楚雄是全国仅有的两个彝族自治州之一,历史悠久,民族众多,文化多元,具有丰富的民间史诗传统。以《查姆》《梅葛》为代表的彝族创世史诗,是研究彝族历史、社会、思想文化和民俗的重要资料。叙事长诗《赛玻嫫》,抒情长诗《哭嫁歌》,彝族民间故事“罗牧阿智的故事”和“沙则的故事”等,构成了楚雄古代彝族文学的重要组成部分,对后来的楚雄文学创作,尤其是“新时期”之初的文学创作有着深刻的影响。新中国建立前夕,楚雄文学基础极为薄弱,只有少数从事文学教育的教师和新闻工作者搞业余创作。20世纪50年代中期,文艺界频频发动的政治运动,文学创作活动受到影响,尤其是1957年的反右斗争,许多知识分子和文艺工作者都被打成了右派分子,全州文学活动停滞不前。“文革”十年中,文学作者备受打击迫害。影响所及,“文革”前全州没有一个作家协会的会员。1978年,楚雄彝族自治州建州二十周年大庆时,楚雄州宣传文化部门编辑了一部《文学作品选》,反映新中国建国以来的文学创作成就,共收入文学作品84件,其中诗歌61件(大部分是新民歌),戏曲曲艺10件,文学创作仅有曹正枝、杨玉珍等人创作的小说散文13件,而且显得有些稚嫩。“文革”前17年,楚雄没有出版过一部纯文学著作或文艺论著,“小说散文等纯文学作品几近空白”。

筚路蓝缕的开创期(1976年至1984年)

文学在动乱的年代,常被捆绑在疯狂的政治战车上,辗转于命运坎坷的征途。1976年10月,江青、张春桥等“四人帮”被逮捕,标志着长达十年的“文化大革命”的终结。“文革”结束后,文学也进入了它的“新时期”,充当了思想解禁的先声。那些饱受“文革”迫害的呻吟者,开始舐舔身上的伤口,怀着劫后重生的欣喜感,以蘸满血泪之笔,书写着生命个体及民族的心灵之痛。楚雄文艺界也像全国一样,像一座突然迸发的火山,热气腾腾。在全州城乡广大土地上,自发地拿起各式各样的文艺武器,愤怒声讨“四人帮”的滔天罪行,表现出无比高昂的创作热情和表演热情。顺应这种形势,在中共楚雄州委的领导和关心支持下,1977年1月9日,在原州文工团的基础上,恢复了州歌舞团和州花灯团。同年8月,召开全州文化工作会议;11月,举办了文艺创作学习班和文艺创作座谈会。1978年8月16日开始,召开了为期9天的全州文艺创作积极分子会议,为一大批受打击迫害的文艺工作者和文艺作品平反,恢复名誉。会议号召全州文艺工作者团结起来,贯彻党的文艺方针,为繁荣文艺贡献力量。
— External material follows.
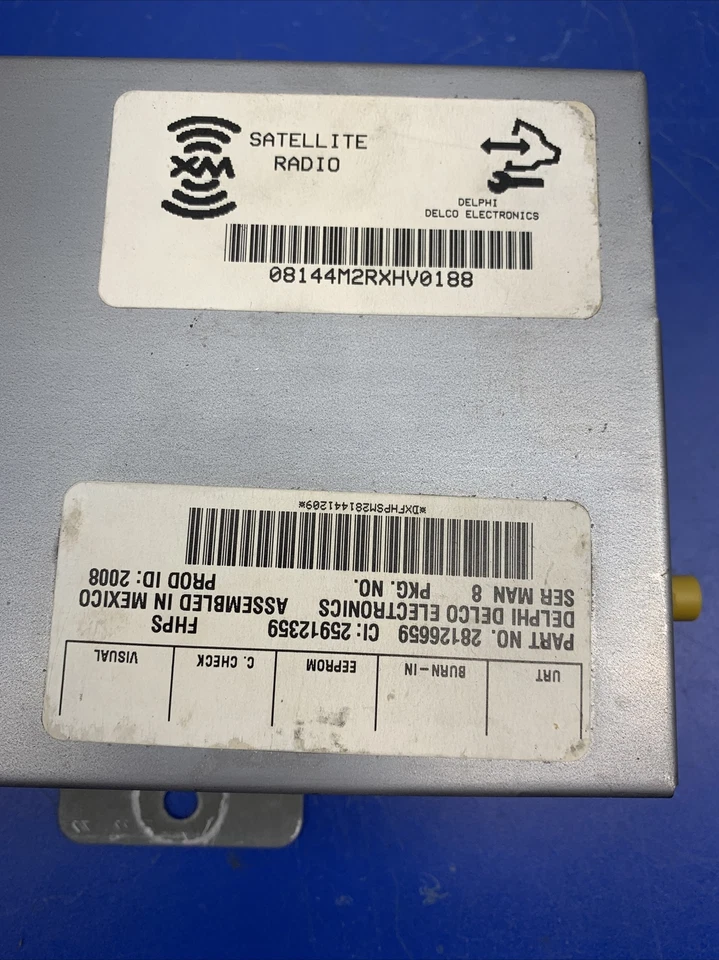 Radio satelital Saturn Vue 2008 2010 28126659 28127296 OEM Foto 2 de 4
1978年11月,在州委宣传部、州文教局党委的具体领导下,楚雄州第一份大型文艺刊物《金沙江文艺》正式创刊,标志着楚雄新时期文学正式开启征程。刊物由当时楚雄一中的语文教师张福三担任主编,随后由田良耕、黄恩泽接替刊物编务。同时,楚雄州的老作家张毓吉、萧晓、芮增瑞都担任了业余编辑。马荣春先生为《金沙江文艺》撰写了发刊词《四个现代化的伟大斗争在召唤我们》:“清算过去是为了开辟未来,总结以往的经验教训是为了夺取新的更大的胜利。沉湎往事,坐下来修补伤疤,从来不是无产阶级文艺战士的性格。今天,在党中央的领导下,实现四个现代化的新长征已经开启,这是一场根本改变我国经济、技术落后面貌,进一步巩固无产阶级专政的伟大革命。进行这场革命,是我们整个中华民族世世代代梦寐以求的美好理想,是今天八亿中国人民上上下下、男女老少的共同心愿。我国九百六十万平方公里的大地上,正在展开我们前所未遇的战斗。这场伟大革命对我们文艺战线和文艺工作者提出了更高的要求,也给一切有志气、有才华的专业和业余文艺工作者提供了纵横驰骋的广阔天地。我们要好好思考一下,在这场伟大斗争中,我们肩负的光荣历史使命是什么?我们的战斗岗位在哪里?要怎样进行战斗?怎样才能使我们无愧于所处的这个伟大时代?”从发刊词中,我们可以感受到那种特定历史环境下的社会情绪。马荣春先生是楚雄新时期作家队伍建设的重要领导者,无论是担任宣传文化工作的领导,还是卸任之后对楚雄作家的持续关注与扶持,都为这支队伍的成长倾注了巨大心力,做出了重要贡献。《金沙江文艺》创办后,编辑部除了通过日常的编辑业务注意发现培养作者之外,还争取每年办一期创作讲习班,办周末文艺进修班,在有条件的地区和单位组织文学小组,送重点作者进修和到外地参观学习。当时省内除了复刊的《边疆文艺》,还没有其他地州级刊物,《金沙江文艺》创刊后引起了强烈的社会反响,顺应这种形势,云南省委宣传部于1979年12月30日批复了楚雄州委宣传部1979年11月17日提出的申报,同意《金沙江文艺》在省内公开发行。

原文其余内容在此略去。